Monday, May 16, 2005

my hero

This morning started off with the noise of one of our neighbours trying to repair his gas lawnmower in the alley behind our apartment. For those of you lucky enough not to be able to imagine that sound, it's a little like a Harley Davidson with whooping cough. The very fact that anyone on our side of the street even owns a gas mower makes me want to kill and kill again, since the lawns on our side of the street are about eight by twenty four in front of the two apartment buildings, and nonexistent everywhere else. If eight by twenty four sounds like a lot of lawn, allow me to reassure you that it's not. But I digress.
We eventually staggered into the living room, sleep abandoned as a hopeless cause. I put the kettle on for coffee, sat down in front of the computer, and immediately freaked out. I guess it was the breathless fear noises that brought spook over to where I was frozen in my seat.
"It'sabugthere'sabugthere'sabugonthedesk!"
"Okay," he said, sounding reasonable, "why don't you--oh. It's an icky bug."
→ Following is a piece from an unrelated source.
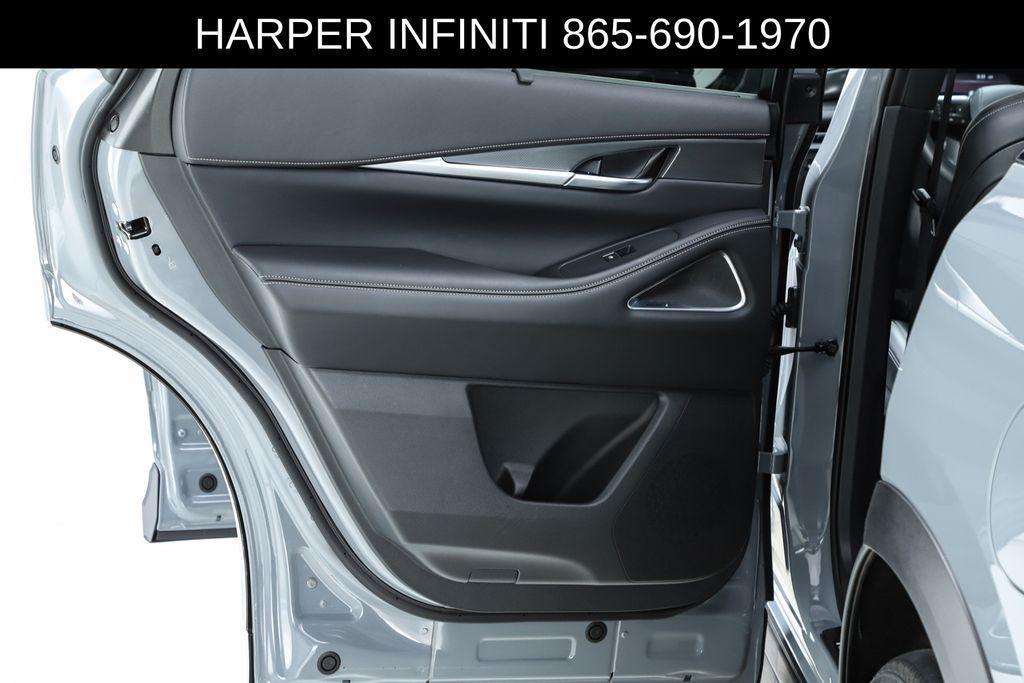 used 2025 INFINITI QX60 car, priced at $45,632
You know, I'm not an enormous fan of bugs in general, but I'm much more likely to rescue them than kill them--most of them don't want to be in my habitat any more than I want them there. Last week I dragged my hunting cat off to the bathroom so that a trapped bumblebee could very obligingly stroll into the tupperware container I offered it. When I was a nanny, I made a point of spending time with the kids looking at the ants and the worms and talking about why they were cool. Spiders were given a similar treatment. Cockroaches earned my ire in an early-life fumigation episode that left them falling from my little brother's ceiling in a yucky rain, but I'm matter-of-fact about killing them. House centipedes are another matter. They combine all the things that make the back of my brain weird--large, fast, many-legged. ("What do they need all those legs for? For crawling across your face in the middle of the night, that's what!") I appreciate their eating of the other bugs, but I don't want to see them. Especially on my desk.

Valiant spook (who is also terrified of them, for the record,) grabbed a sour cream container and swiftly trapped it where it sat, on top of our case of blank cds. "Do you think it's already dead?" I asked. It hadn't made a threatening rush of any kind, which is out of character. "It's kind of acting dead. I'm all for throwing it out the window to make sure." I was still talking way too fast, and spook was grimly executing his duty as fast as possible, and it may have been this atmosphere of speediness that explains why he opened the window and sent eight or nine cds sailing through the air, followed by their plastic case. "I think it was already dead." he said, sounding only a bit stunned.

Our superintendant and his boyfriend were very understanding about nearly being hit by high-velocity information storage, and they only laughed at me a little bit when I explained that he was saving me. Coolness under fire, that's us.